What you see above represents just a fraction of my collection, and holds only my small pocket folders I don't put to regular use. Frankly, very few of them have or will ever see any real use. They are eye candy - to be held, admired for their fine workmanship and unique design or construction elements, then to be put away for future admiration sessions. And so it is with most of my Case pocket knives. About half of this collection is made up of Case knives, most of them higher grade examples with exotic handle materials or limited edition designs. There are a few 'workman' grade Case blades in the picture, ones I hold in reserve in case I lose my daily carry knife (which is the one knife in the picture with the blades opened).
I've carried a knife of this style for most of my adult life and think there's no finer example of a classic American pocket knife pattern. That's why my collection tends to focus on stockman pattern knives. All of the knives in the bottom row are stockman patterns by different manufacturers.
Looking over the collection a few observations struck me beyond my obvious slobbering admiration for Case products.
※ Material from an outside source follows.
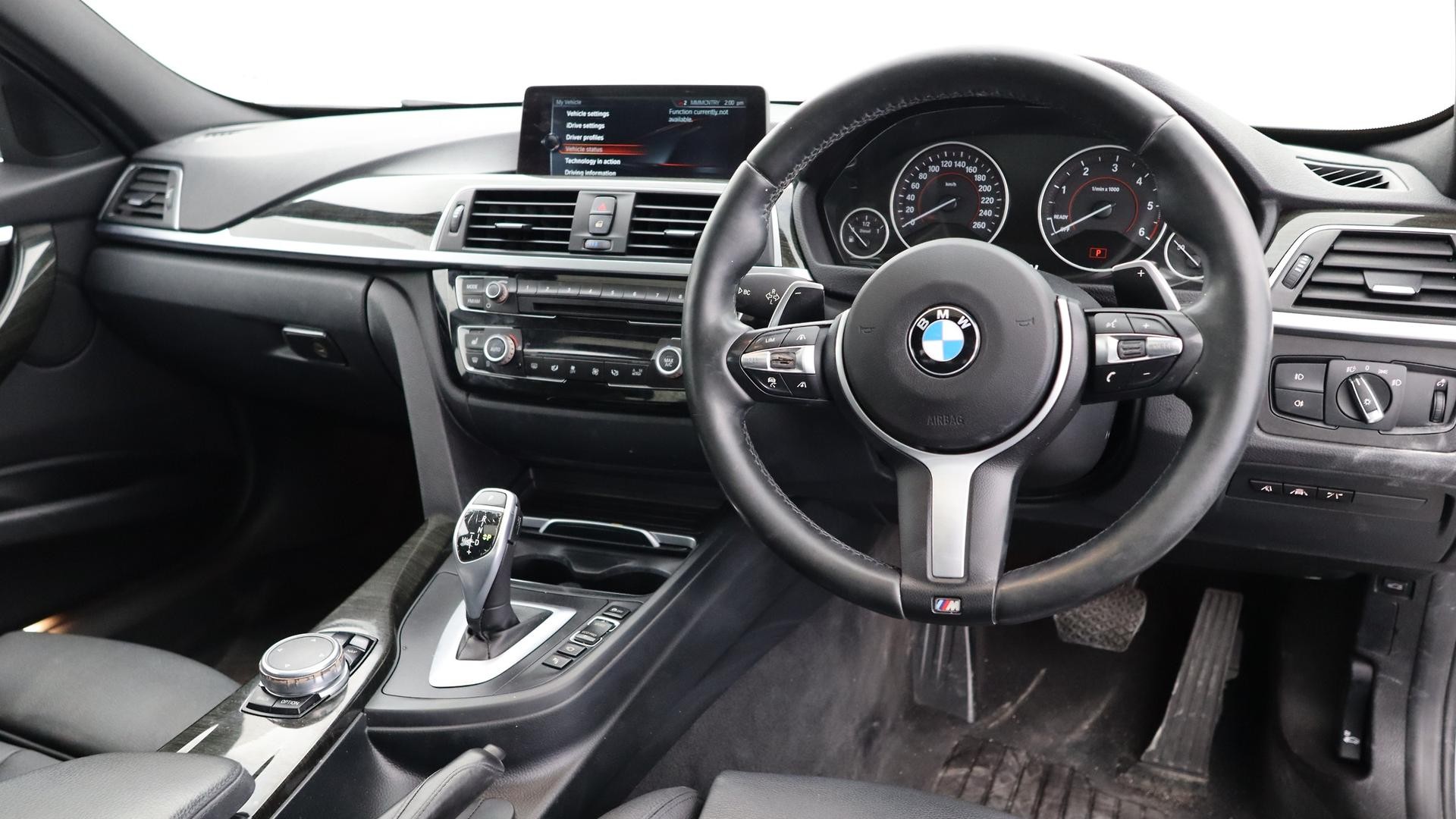 BMW 3 Series image 4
- Country of origin is not an indicator of quality. I have examples from the US, Germany, England and China in this collection. Some American knifes are the worst executed of the bunch. Some of the best executed were made in China. In fact, the knives in this collection that were made by Buck are an interesting example of what I'm talking about. The folders made in Buck's Chinese factory are better fitted and finished than similar knives produced in their US factory. Now, the US produced Buck folders are not bad, it's just that their Chinese knives are clearly better. And cheaper.
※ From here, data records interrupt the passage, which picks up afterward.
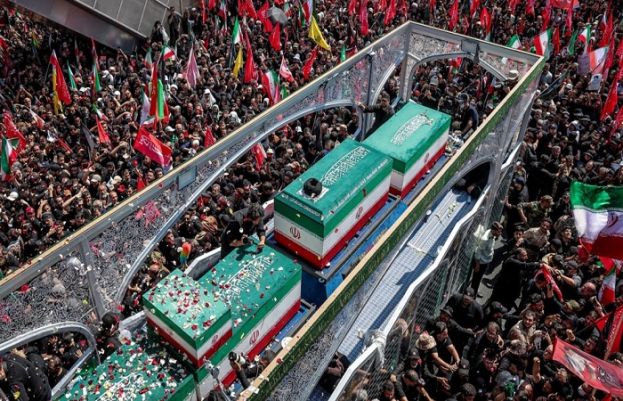 ایرانی سپریم لیڈر شہید علی خامنہ ای کا جنازہ قم پہنچا دیا گیا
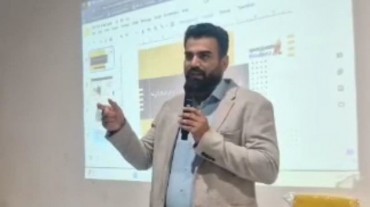 کارگاه آموزشی «مبانی دیجیتال مارکتینگ برای استارتاپها» در مرکز رشد جامع یاسوج برگزار شد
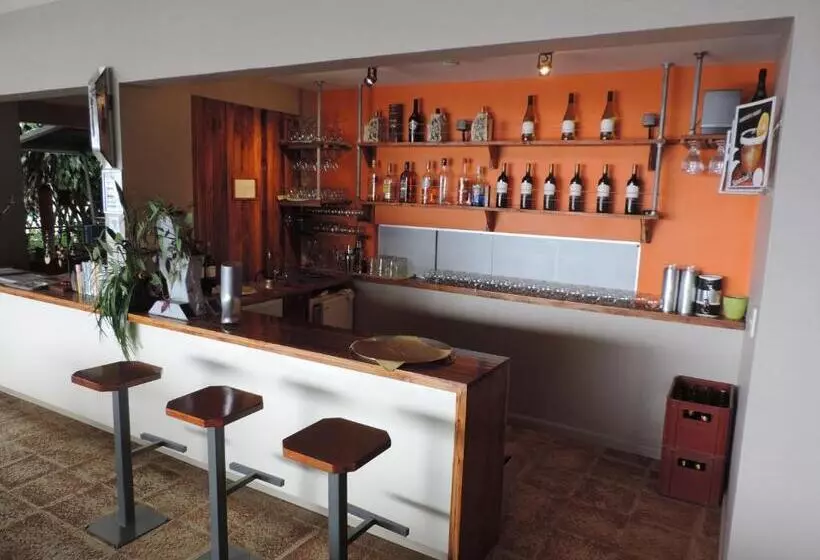 Hotel Celeste Mountain Lodge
- There are huge holes in my collection - time holes that is. I've been interested in knives most of my life and I've been 'accumulating' since I was a teenager (back when teenagers could legally buy knives). The holes represent two factors. First is available cash. Providing for a growing family is expensive, particularly on the paltry salary of a junior Army officer. As the kids were growing up there wasn't much spare cash to put towards knife collecting. As I needed a blade I'd pick one up cheap at the PX, or go haunt places like the late, great Cumberland Knife & Gun shop in Fayetteville, NC hoping to grab one of the less expensive production blades by talented designers like Al Mar. But the real hole was created by loss and theft. At one point I had a whole duffle bag full of knives 'disappear' during a move from Fort Belvior to Germany, and I've lost perhaps a dozen knives during the normal course of my military duties. I have, quite literally, dropped knives around the world. Perhaps it's my way of dropping bread crumbs to make sure I can find my way back. I dunno. But on the training grounds and battlegrounds of Germany, Korea, Central America, Saudi Arabia and Iraq I've managed to lose something close to a dozen knives. Some were lent out and never returned, some fell out of the sheath during late night road marches, some decided they'd try to beat me to the ground during parachute jumps, and a few were actually broken in use. So what I have today is a collection that mostly reflects my collecting activity of the past decade. I remember many of the knives that are no longer with me. Most had a good story to tell.
- I'm clearly a traditionalist at heart. The world is full of folders designed on state-of-the art CAD systems and constructed using materials more suited to the Space program than pocket knives. They are great products, but I'll have none of that in my collection. If a pocket knife isn't made of steel, brass, wood, bone or stag I won't even give it a passing glance. Gimmie' my knives just the way they were back in the good old days, when John Wayne was making westerns, you could still buy 100 octane gas and taking a pocket knife to school wouldn't get the SWAT team called out.
- And last but not least - it's a great time to be collecting knives! The availability and quality has never been better (really, it hasn't). The Internet, on-line shopping and on-line auction sites have fundamentally changed knife collecting. It's just a lot more fun today than it was 20 years ago.